Writing for ourselves

As this research project progresses I keep coming back to the question “who are we writing for?”. Clearly there are a lot of different answers to this question, but I have been quite surprised to hear how few academics I speak with actually want their work to be shared publicly. For many academic writing isn’t meant to be read broadly – it is written with a specific audience [supervisors, tenure promotion committees] as a kind of rite of passage as opposed to an act of sharing knowledge.

This came up again during a recent seminar hosted by the Media Anthropology Network. I didn’t follow the seminar closely enough to summarize it here, but what struck me was the response to a suggestion to make a Youtube video to publicize the project being discussed. The response to this suggestion was quite dismissive -

“Contrary to David’s opinion I find Michael Wesch’s Youtube work
to be slick, superficial.  He is too much like a second rate McLuhan. As to his suggestion that I “prepare a youtube version of at least part of the Oak Park project – that way it can engage and interact with a whole other audience.” I actually cringe at the idea.  What little I know about YouTube is that consists mainly of stupid pet tricks, stupid human tricks and million of really really bad rock bands.  I know there are some really interesting clips and that some of Rouch’s films are available there but the “whole other audience” that David alludes to consists mainly of 15 year olds and that is not exactly who I had in mind as a new audience. Perhaps I am showing my age but too much of the material available on YouTube is too adolescent for my tastes. Before I retired I even thought the undergrads I taught had values that I abhorred.  God knows what the people who love stupid pet tricks would do with my work?  I prefer not to know.”

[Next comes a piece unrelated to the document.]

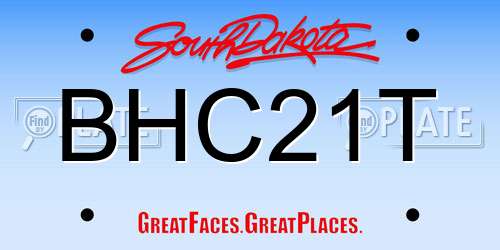 BHC21T South Dakota License Plate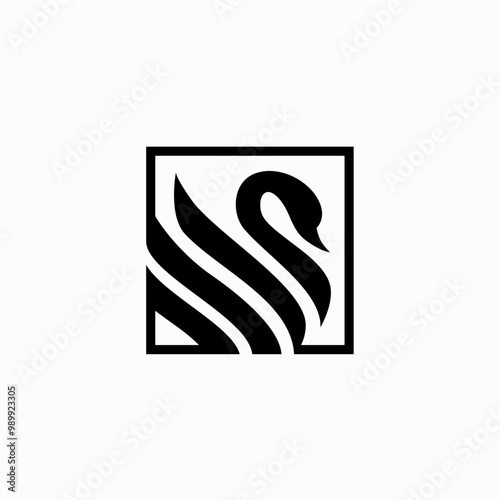black swan square logo vector icon illustration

So here we have a perfect example of the kind of academics who simply do not want to share their work with a broader public (although the project does have a website even with his dislike of the youtube audience). For them anthropological productions are a very specific, specialized form of knowledge which are of interest only to a select group of academics.

The point I want to make is that anthropology journals are not “failing” to get ideas out there, since many authors simply do not want to share them in such a public fashion. The “pay to access” model works very well for many academics who want to filter out members of the public, or for those who see anthropological writing as being of little interest to anyone but other anthropologists.

The Media Anthropology Network’s mailing list provides a place for academics with specific interests to share ideas and argue with each other with less public feedback than say, a blog post. It’s fascinating to compare the kinds of discussions that take place given the increased amount of audience specialization.

The discussions are honest and extremely heated, and they are not anonymous. At the same time, a digest form of the discussion is made available online for anyone to read once the seminar finishes. I’m finding it really interesting to look at how audiences are managed in academic discussion.

random notes/tags -

[limited distribution is intentional]

[Is it rude to bring list serve discussions into the blogsphere? This post is not meant as an attack on the author, the quote is quite informative. Is it rude to leave his name out? This isn't plagiarism, you can follow the media anthro link to read the whole thing]

[it's not the publishers, it's the academics, who want to limit the audience - to some extent anyways]

[public engagement - necessary or not? For some yes, others no.]

[People love to attack Michael Wesch! And they keep missing out imho.]

[the quote really shouldn't be read alone, it comes out of a long discussion and the context is missing. ]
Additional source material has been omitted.